Figures taken from https://www.kaggle.com/pmigdal/alien-vs-predator-images
Execute this cell to download the alien-vs-predator dataset and to install some dependencies. Google Colab will offer you to restart the kernel after you did this. Please do so.
!wget -q https://raw.githubusercontent.com/theevann/amld-pytorch-workshop/master/binder/requirements.txt -O requirements.txt
!pip install -qr requirements.txt
!mkdir -p data
!curl -Lo alien-vs-predator.zip "https://docs.google.com/uc?export=download&id=1hct3PjRf14ZBp83ob3f6Uo_0mqrT9FGZ"
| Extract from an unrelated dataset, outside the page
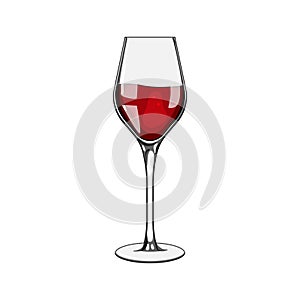 merlot wine glass cartoon vector illustration photo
!unzip -oq alien-vs-predator.zip -d data/
!rm alien-vs-predator.zip
!ls -l data/alien-vs-predator/
# for PIL.Image
!pip install --no-cache-dir -I Pillow==7.1.2
If all went well, you should be able to execute the following cell successfully.
import os
import torch
import torch.nn as nn
import torchvision
import numpy as np
import matplotlib
import matplotlib.pyplot as plt
matplotlib.rc('font', size=16)
Here we will create a Dataset
and corresponding DataLoader
that find training examples in the following directory structure:
data/alien-vs-predator
│
└───train
│ │
│ │───alien
│ │ │ 20.jpg
│ │ │ 104.jpg
│ │ └ ...
│ │
│ └───predator
│ │ 1.jpg
│ │ 78.jpg
│ └ ...
│
└───validation
│
│───alien
│ │ 233.jpg
│ │ 12.jpg
│ └ ...
│
└───predator
│ 22.jpg
│ 77.jpg
└ ...
torchvision
datasets allow us to specify many different transformation on the inputs. Random perturbations can improve the quality of your model by synthetically enlarging your dataset.
from torchvision.datasets import ImageFolder
from torchvision.transforms import (
Compose,
RandomResizedCrop,
RandomHorizontalFlip,
ToTensor,
Resize,
CenterCrop,
)
from torch.utils.data import DataLoader
# Create datasets
train_data = ImageFolder(
os.path.join(os.getcwd(), "data", "alien-vs-predator", "train"),
transform=Compose(
[RandomResizedCrop(224), RandomHorizontalFlip(), ToTensor()] # data augmentation
),
)
test_data = ImageFolder(
os.path.join(os.getcwd(), "data", "alien-vs-predator", "validation"),
transform=Compose([Resize(256), CenterCrop(224), ToTensor()]), # give images the same size as the train images
)
# Specify corresponding batched data loaders
train_loader = DataLoader(train_data, batch_size=32, shuffle=True)
test_loader = DataLoader(test_data, batch_size=64, shuffle=False)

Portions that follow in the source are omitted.